To date, opposition to hydraulic fracturing ("fracking") for unconventional oil and gas in the United Kingdom (UK) has been fierce. The opposition, though, seems to be meeting deaf ears in England, according to recent news reports.
Bloomberg reported on Dec. 4 that England's Energy Secretary, Ed Davey, wants to lift the country's currently exisiting moratorium on fracking. The halt was put in place after drilling sites owned by Cuadrilla Resources caused two minor earthquakes in northwestern England in November 2011.

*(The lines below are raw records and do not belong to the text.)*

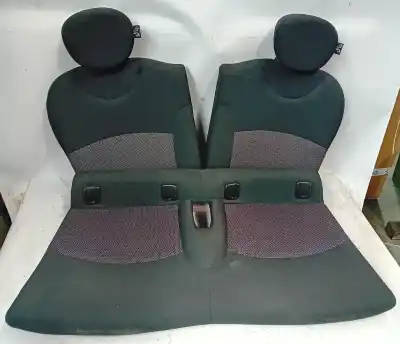 Автозапчасти б/у полный комплект сиденья за mini mini (r56) one d ссылки oem iam   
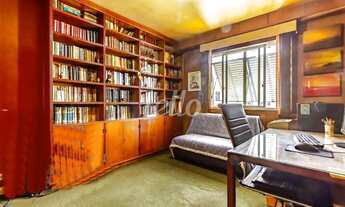 Imagem 5: São Paulo - Apartamento Padrão - Moema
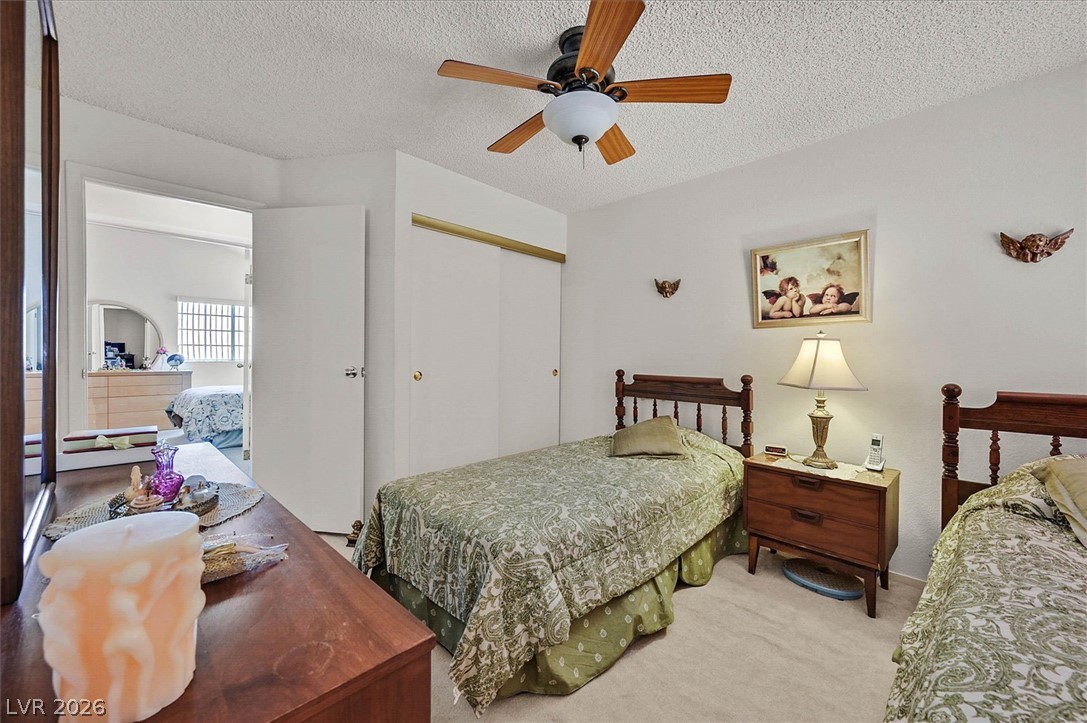 2721 Brienza Way Las Vegas NV 89117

England's Chancellor of the Exchequer (a position equivalent to the Secretary of the Treasury in the United States), George Osborne, is set to release Britain's new energy plan on Dec. 5 and told Bloomberg he wants to ensure "Britain is not left behind" in the unconventional oil and gas boom....
England's neighbor to the west, Ireland, also sits on massive reserves of unconventional oil and gas yet to be tapped.
A recent independent assessment, according to The Financial Times, estimates Ireland's stockpile of shale gas at up to 13 trillion cubic feet of technically recoverable gas. The Marcellus Shale, by comparison, which sits predominantly in Pennsylvania and New York, has 84 TCF of shale gas according to the most recent estimates by the United States Geological Survey (USGS)...
Ireland's Environmental Protection Agency is set to publish a report on the potential ecological risks of fracking in the country by 2014 and until then, the Irish ban on fracking will remain in place.